== Recorded information

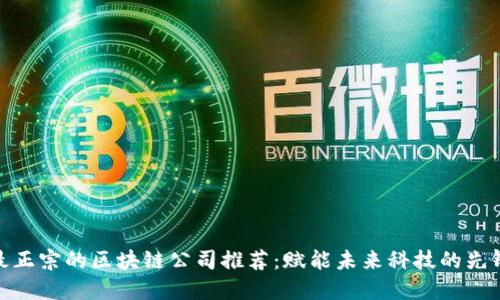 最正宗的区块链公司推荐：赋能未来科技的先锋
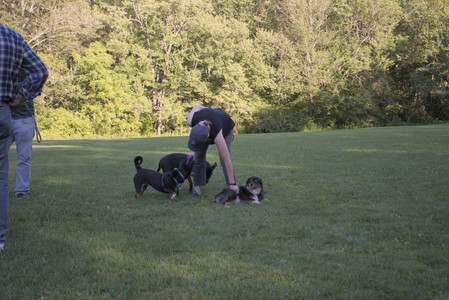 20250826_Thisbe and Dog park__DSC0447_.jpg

====
== Recorded information

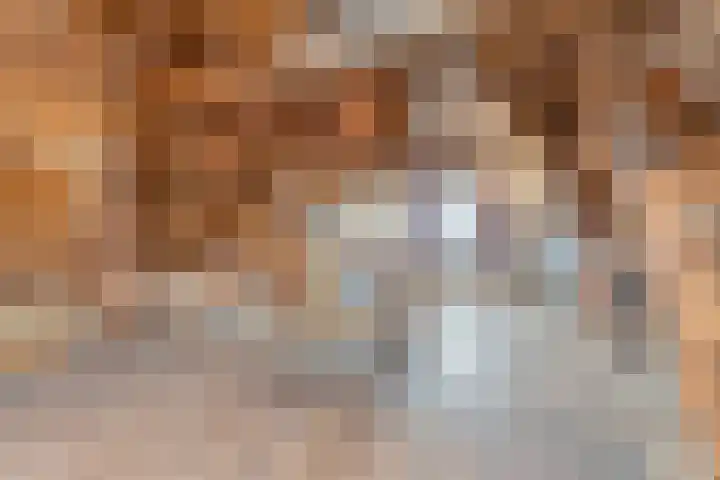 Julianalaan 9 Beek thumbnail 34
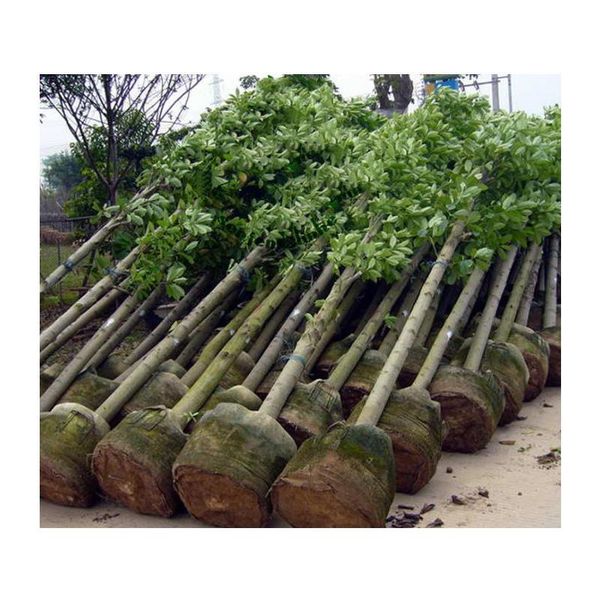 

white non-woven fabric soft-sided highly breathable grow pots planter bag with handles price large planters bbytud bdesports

====
== Recorded information

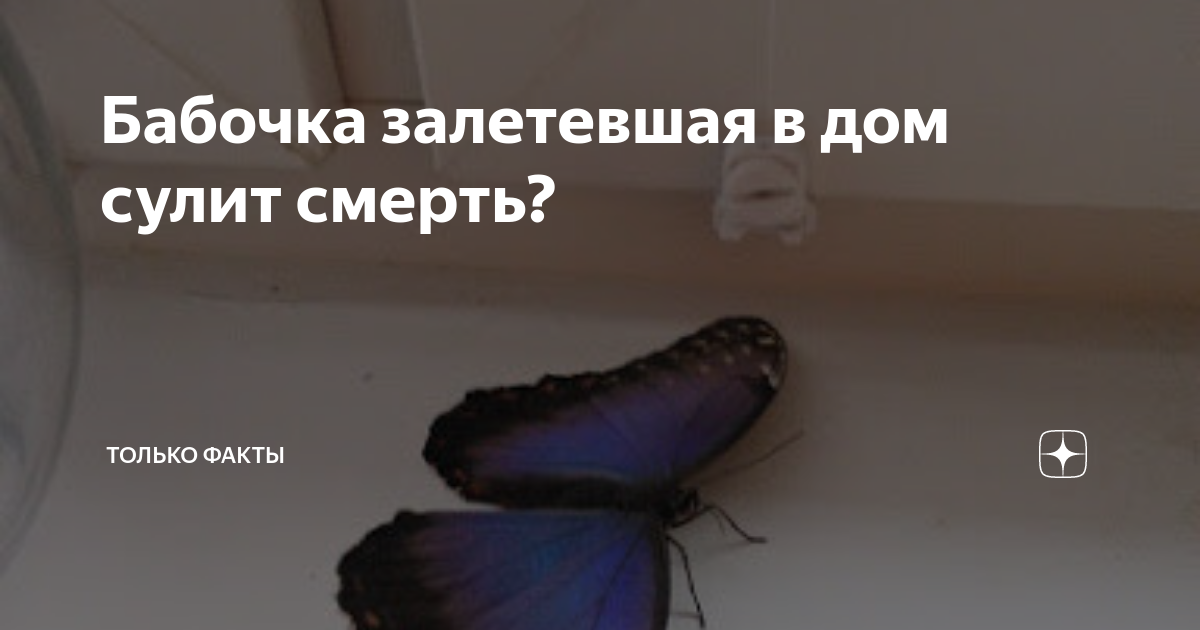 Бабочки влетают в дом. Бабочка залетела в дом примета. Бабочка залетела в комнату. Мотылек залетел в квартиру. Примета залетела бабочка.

====

* _Aim of the exercise_:
Reproduce word for word, with pictures dropped, only the part of the material above that opens with the line containing "最正宗的区块链公司推荐：赋能未来科技的先锋" and closes with the line containing "20250826_Thisbe and Dog park__DSC0447_.jpg".

* _Written response_:
 最正宗的区块链公司推荐：赋能未来科技的先锋
 20250826_Thisbe and Dog park__DSC0447_.jpg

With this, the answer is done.